Input START
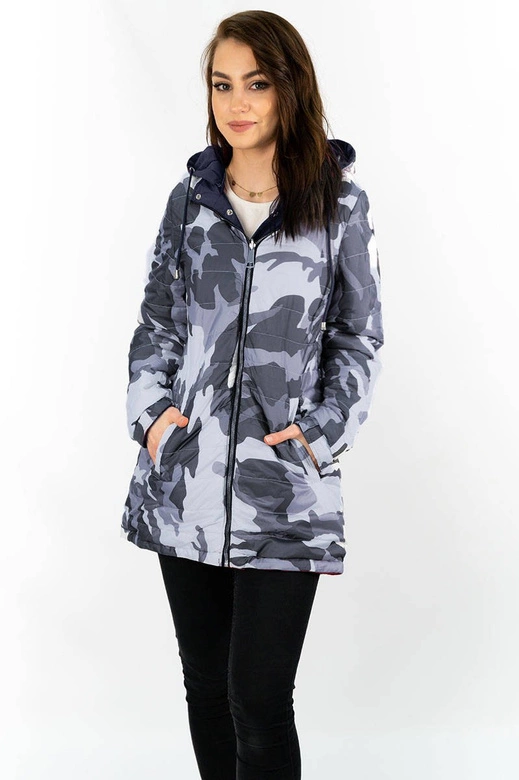 DWUSTRONNA PARKA DAMSKA Z KAPTUREM GRANAT-MORO (XW665X)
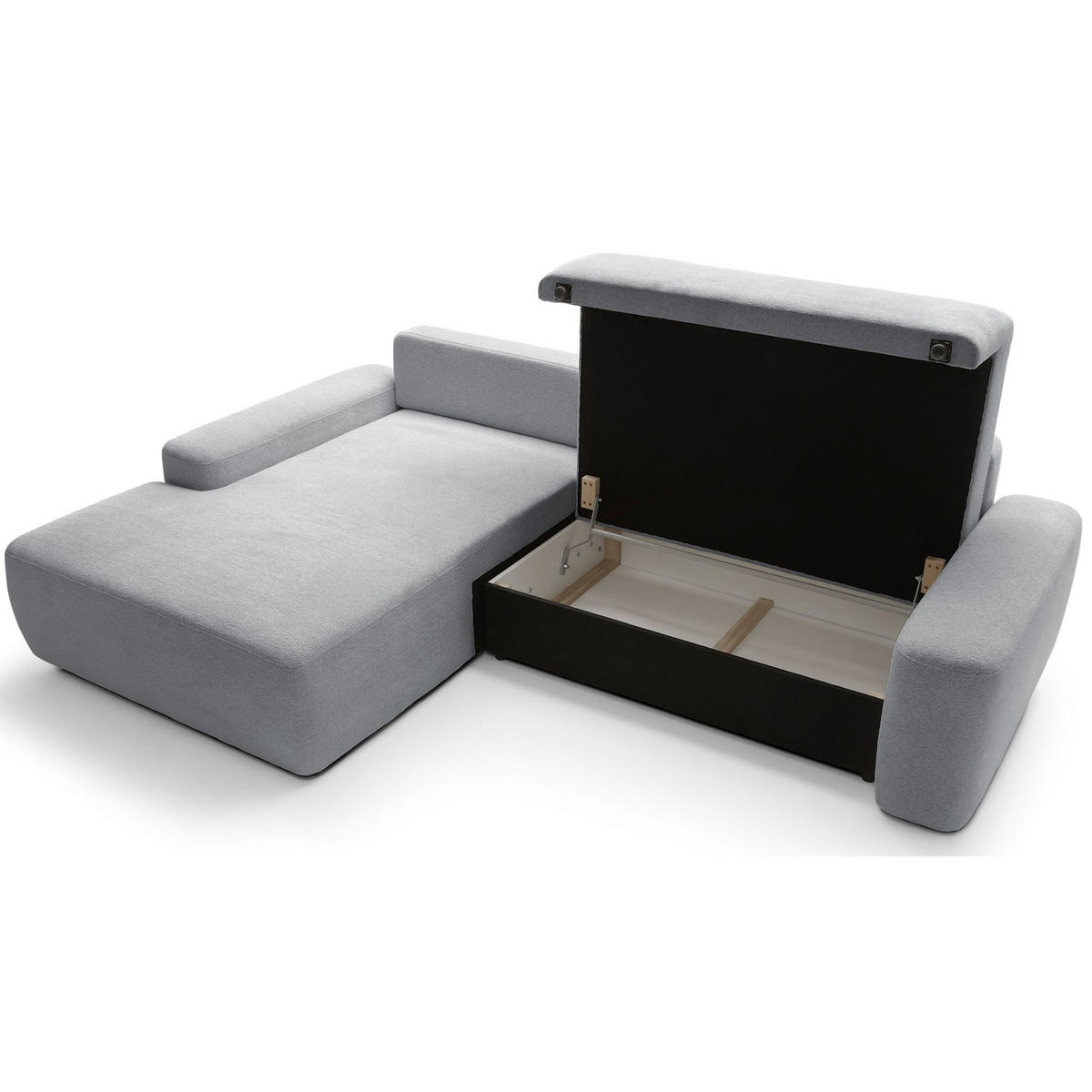ECKSOFA Baleo Hellgrau Chenille-Bezug - Hellgrau/Schwarz, Kunststoff/Textil (264/162cm) - Selsey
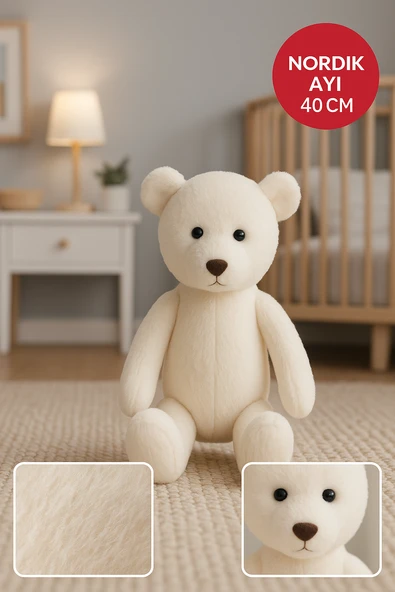 Nordik Ayı 40 CM Ekru– Yumuşak Peluş Oyuncak | Sarılabilir Hediye Bebek & Çocuk Peluş Ayıcık ürün görseli 1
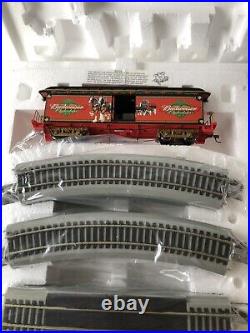 Hawthorne Village BUDWEISER Holiday Express Steam Engine Train Set With Track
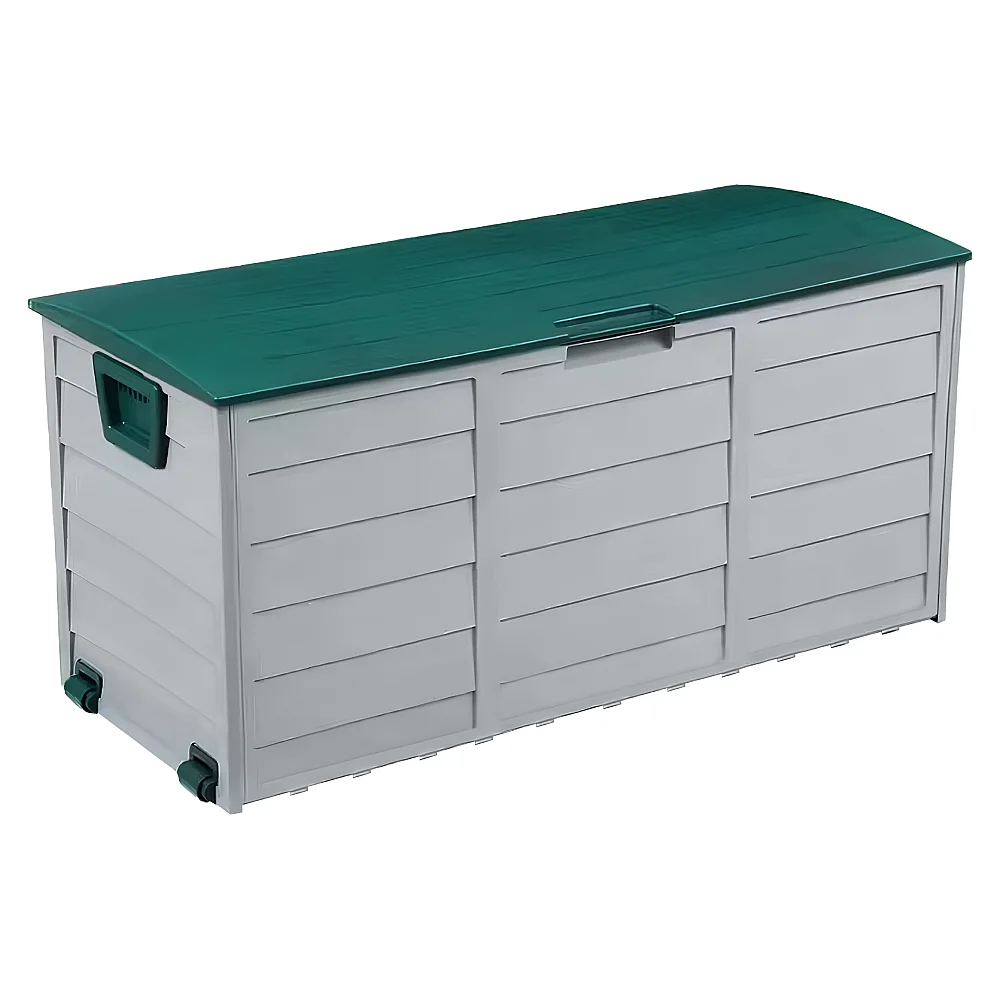 Zahradní úložný box, šedá/zelená, KORTEZ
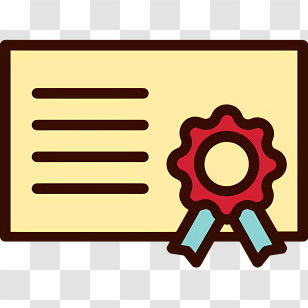 Education Elements - Illustrative Certificate With Ribbon Icon Transparent PNG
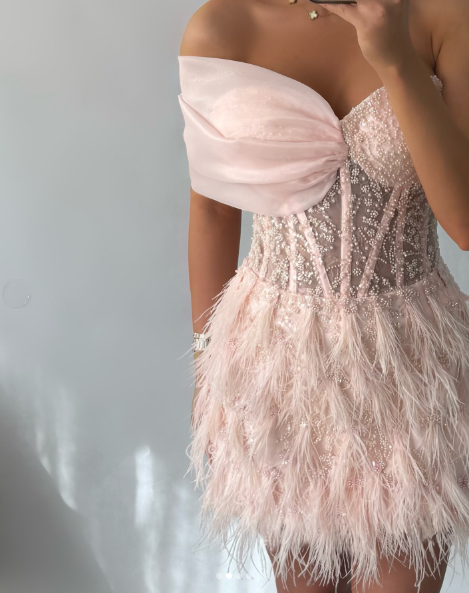 Charming Pink Off The Shoulder Tulle Beaded Feathers Short Graduation Homecoming Dress Birthday Dress SP3142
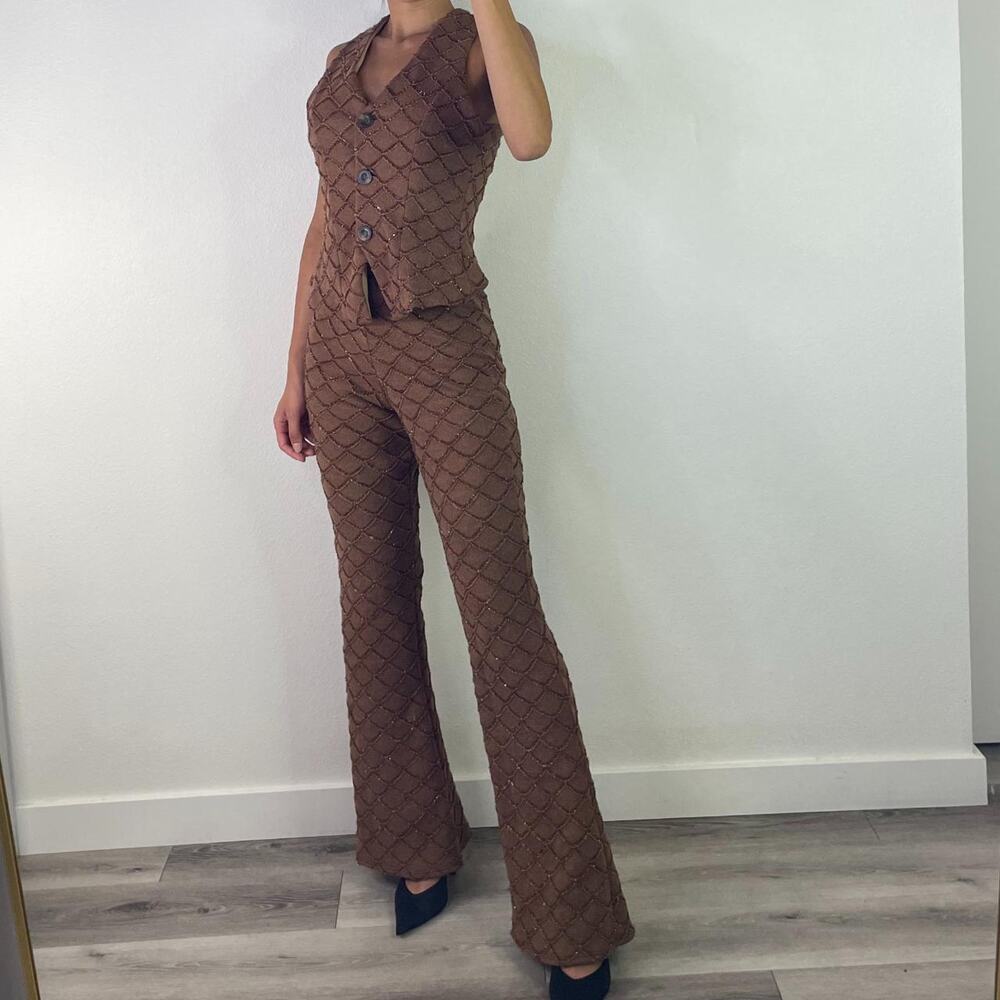 Brown Vest and Flared Pants Set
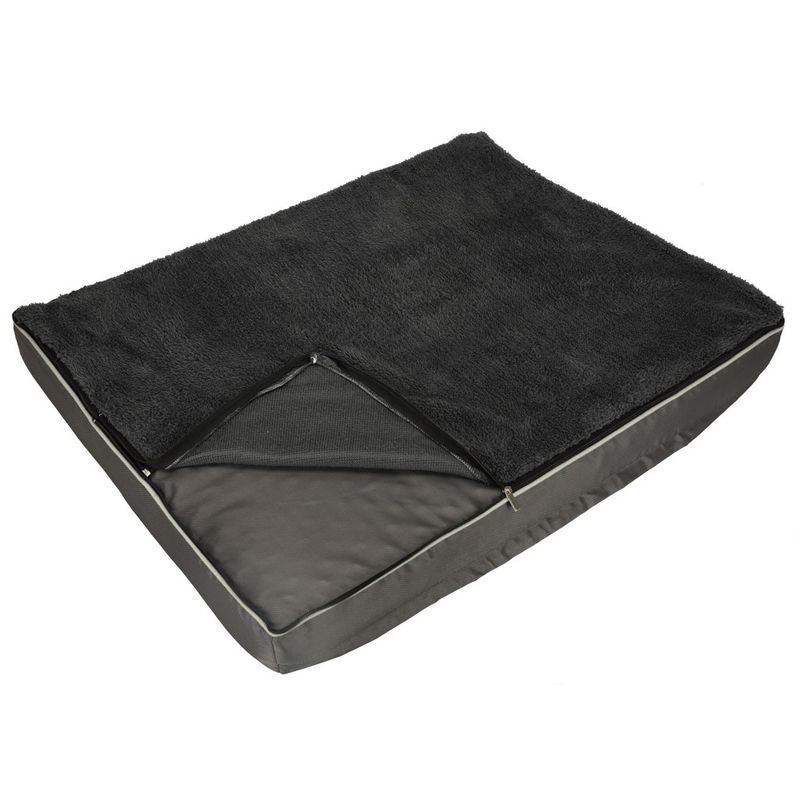 Petshop - Accesorii petshop - Culcusuri si custi - Culcusuri si saltele - Pat ortopedic pentru caini, dreptunghiular, husa detasabila, 90x70x10 cm, gri inchis - Infinity.ro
Input END
Problem to solve:
Give back exactly the lines from the one containing "Charming Pink Off" through the last line above, both included, and none of the pictures.

Response:
 Charming Pink Off The Shoulder Tulle Beaded Feathers Short Graduation Homecoming Dress Birthday Dress SP3142
 Brown Vest and Flared Pants Set
 Petshop - Accesorii petshop - Culcusuri si custi - Culcusuri si saltele - Pat ortopedic pentru caini, dreptunghiular, husa detasabila, 90x70x10 cm, gri inchis - Infinity.ro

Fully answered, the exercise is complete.